Cumartesi Postası Barış Kılıç: Oyuncu dediğin çekilmez ve delidir

Barış Kılıç: Oyuncu dediğin çekilmez ve delidir

Paylaş
Barış Kılıç: Oyuncu dediğin çekilmez ve delidir

Son yılların en beğenilen, basamakları emin adımlarla tırmanan yakışıklı başrol oyuncusu Barış Kılıç’la buluştum bu hafta. Kanal D’de yeni başlayan ‘Evlat Kokusu’ dizisindeki rolünü ve mutlu evliliğinin sırrını konuştuk

RÖPORTAJ: NAZENİN TOKUŞOĞLU

FOTOĞRAFLAR: ÇİĞDEM KARAKUZU


■ ‘Evlat Kokusu’nun senaryosu alışılmadık, oyuncu kadrosu da çok kuvvetli. İşin arkasında Endemol Shine Türkiye var. Daha ne olsun…

Gerçekten öyle. Yönetmen Erol Özlevi ve ikinci yönetmen Sedat İnci’nin katkıları da çok önemli. Kan rahatsızlığı yaşayan kızı için uygun bir donör arayan ve kızının sağlığına kavuşması için evlat edindiği çocuğu oğlu gibi bağrına basan ama çocuğun onlara yasadışı yollarla ulaştırıldığını öğrenen çaresiz bir babayı oynuyorum.



KLİŞEYİ SEVİYORLAR

■ Seyirciler artık klişelerle kandırılamıyor değil mi?

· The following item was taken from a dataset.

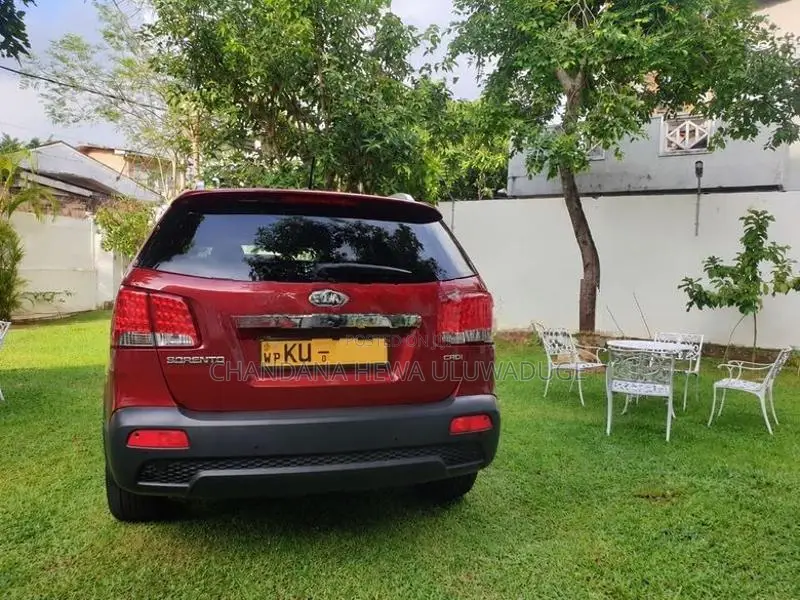 Kia Sorento 2012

İlla sıradışı olacak senaryo. “Klişeden sıkıldık” diyorlar ama klişe olmayana da yakınlık duymuyorlar, çok ince bir çizgi var. Köpürtmeden, biraz renklendirerek yapmak lazım. Bir gerçek var ki, senaryo her zaman başroldedir.

■ Ya oyunculuk?

Yetenekten çok enerji işi. Oyunculuğu sadece zekâdan, teknik eğitimden ibaret görmüyorum. Kağıtta yazan senaryo hammaddedir, onu çok satan bir mamul haline getirmek sizin elinizde.



■ Hep bir basamak yukarı çıkmışsınız işlerinizde ama aşırı hırslı durmuyorsunuz.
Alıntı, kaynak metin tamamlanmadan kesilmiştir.